──────── Data in this exercise ────────
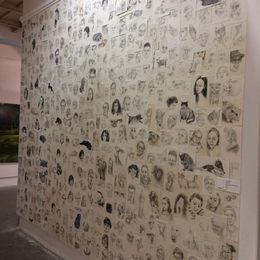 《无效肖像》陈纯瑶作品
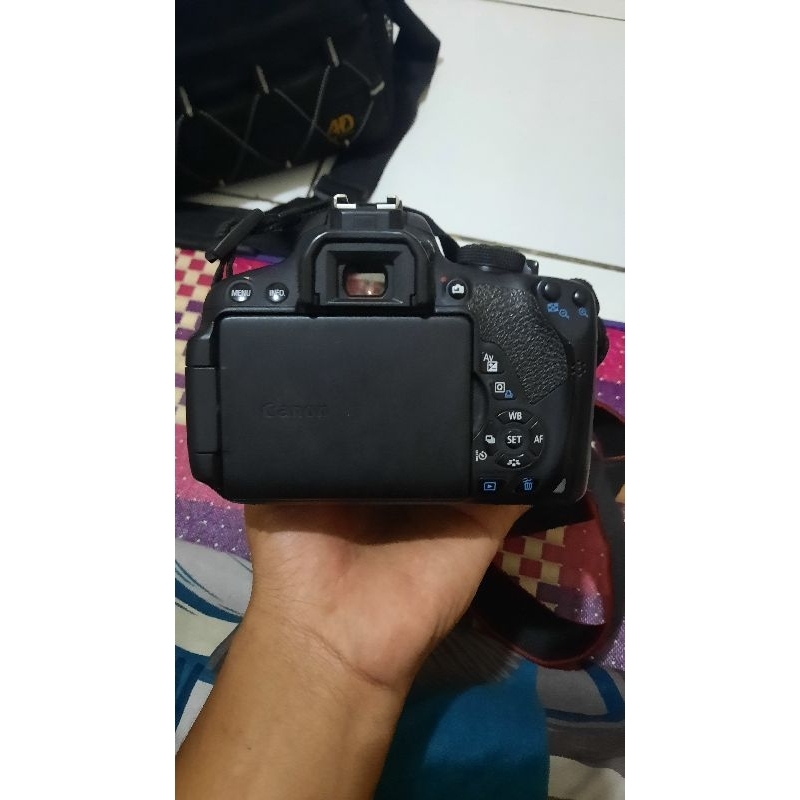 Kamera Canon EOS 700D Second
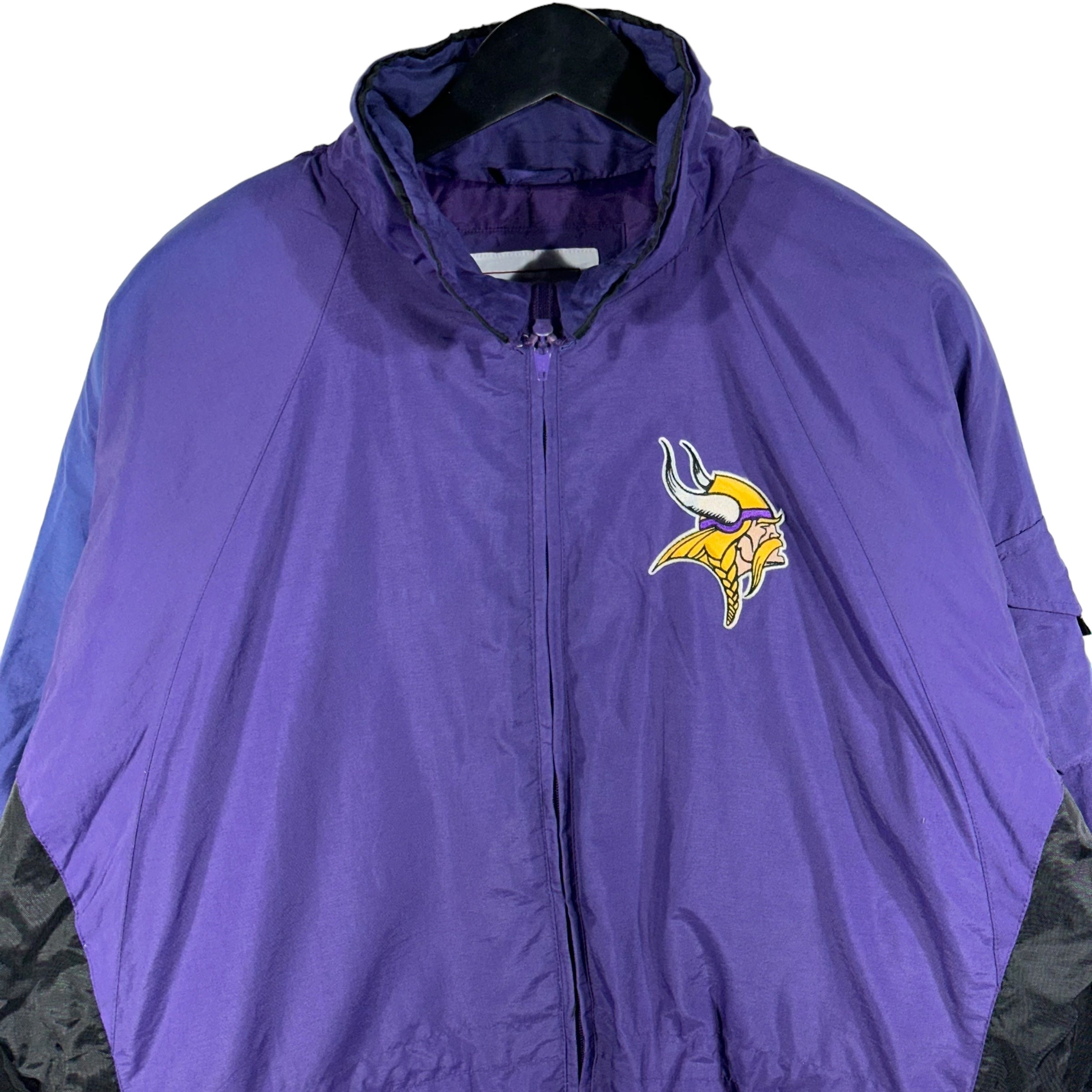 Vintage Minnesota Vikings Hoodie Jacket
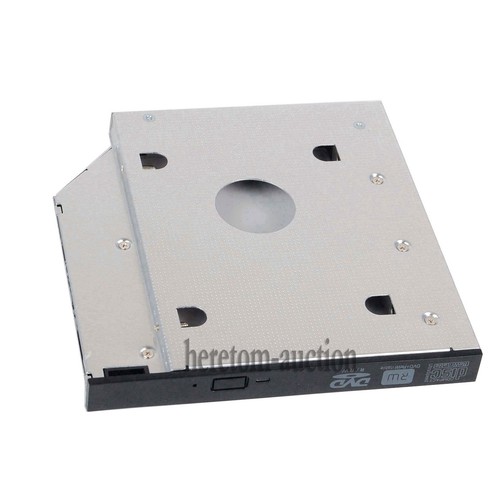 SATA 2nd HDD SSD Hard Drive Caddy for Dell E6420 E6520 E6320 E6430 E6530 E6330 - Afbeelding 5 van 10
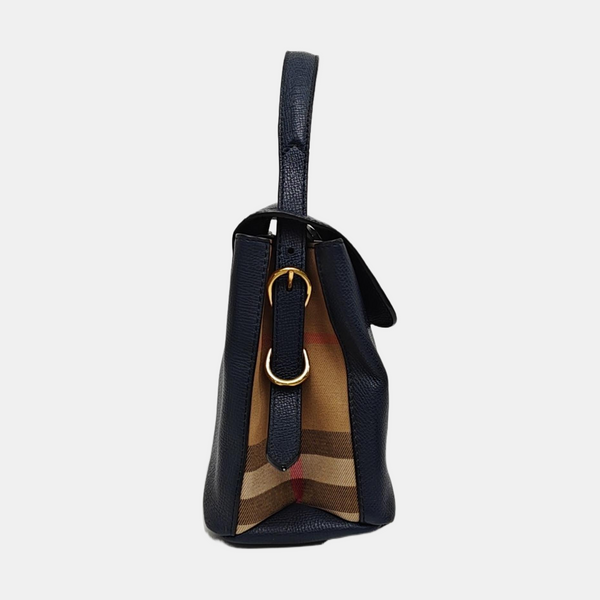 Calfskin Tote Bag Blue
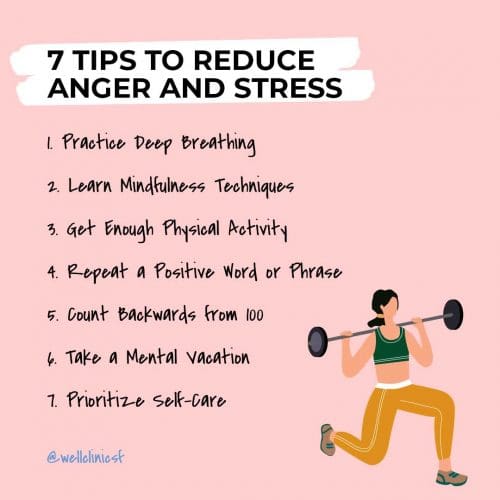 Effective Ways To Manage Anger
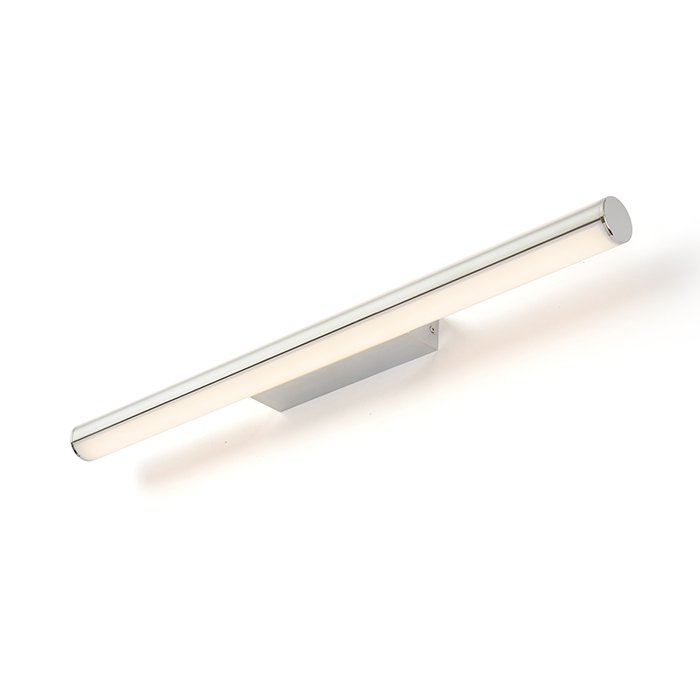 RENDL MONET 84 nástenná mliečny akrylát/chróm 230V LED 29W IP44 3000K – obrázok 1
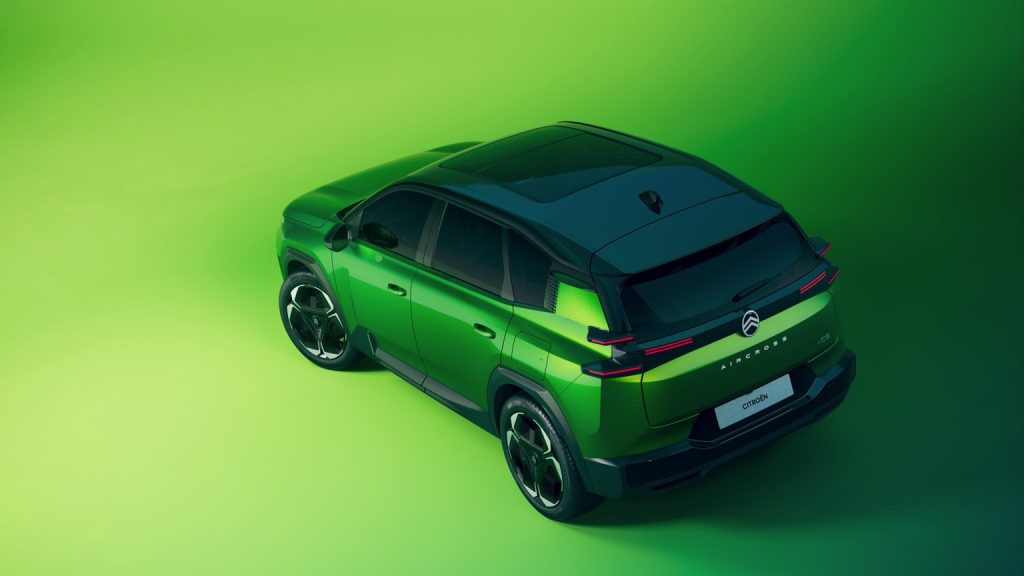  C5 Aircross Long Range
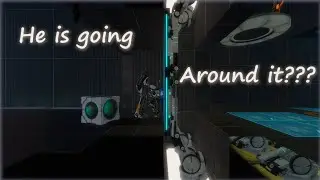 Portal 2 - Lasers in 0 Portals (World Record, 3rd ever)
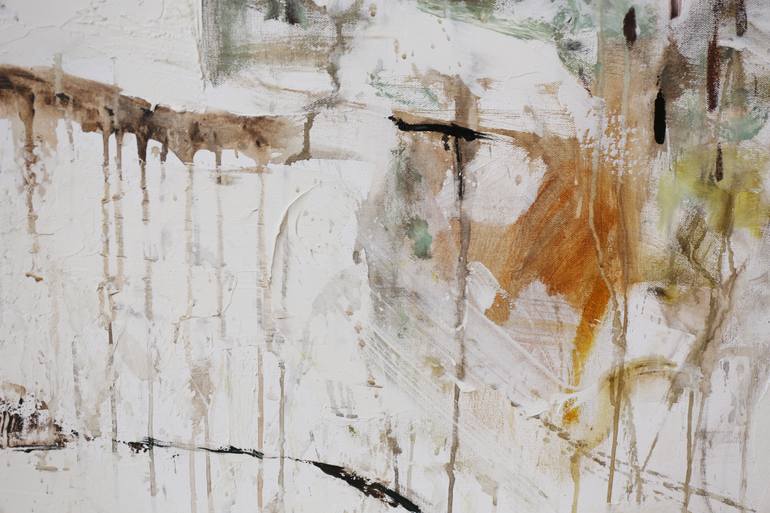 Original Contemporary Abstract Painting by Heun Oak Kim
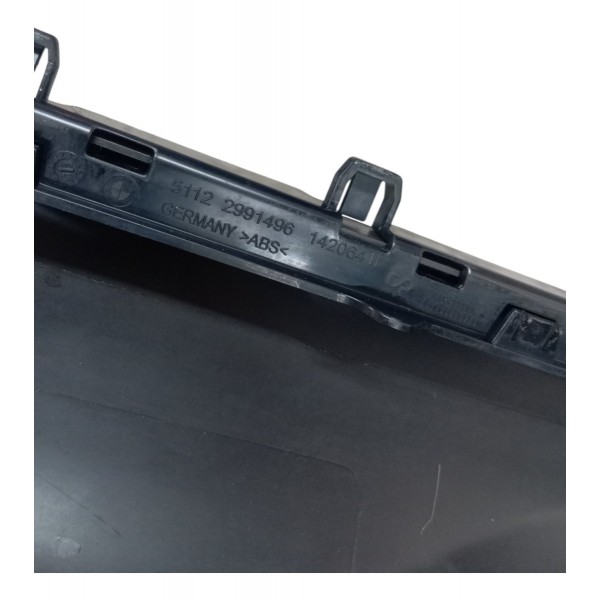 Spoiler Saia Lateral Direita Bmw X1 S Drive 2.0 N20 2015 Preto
────────
Write out the material above exactly, and omit the pictures it holds.

* **Expected answer**
 《无效肖像》陈纯瑶作品
 Kamera Canon EOS 700D Second
 Vintage Minnesota Vikings Hoodie Jacket
 SATA 2nd HDD SSD Hard Drive Caddy for Dell E6420 E6520 E6320 E6430 E6530 E6330 - Afbeelding 5 van 10
 Calfskin Tote Bag Blue
 Effective Ways To Manage Anger
 RENDL MONET 84 nástenná mliečny akrylát/chróm 230V LED 29W IP44 3000K – obrázok 1
  C5 Aircross Long Range
 Portal 2 - Lasers in 0 Portals (World Record, 3rd ever)
 Original Contemporary Abstract Painting by Heun Oak Kim
 Spoiler Saia Lateral Direita Bmw X1 S Drive 2.0 N20 2015 Preto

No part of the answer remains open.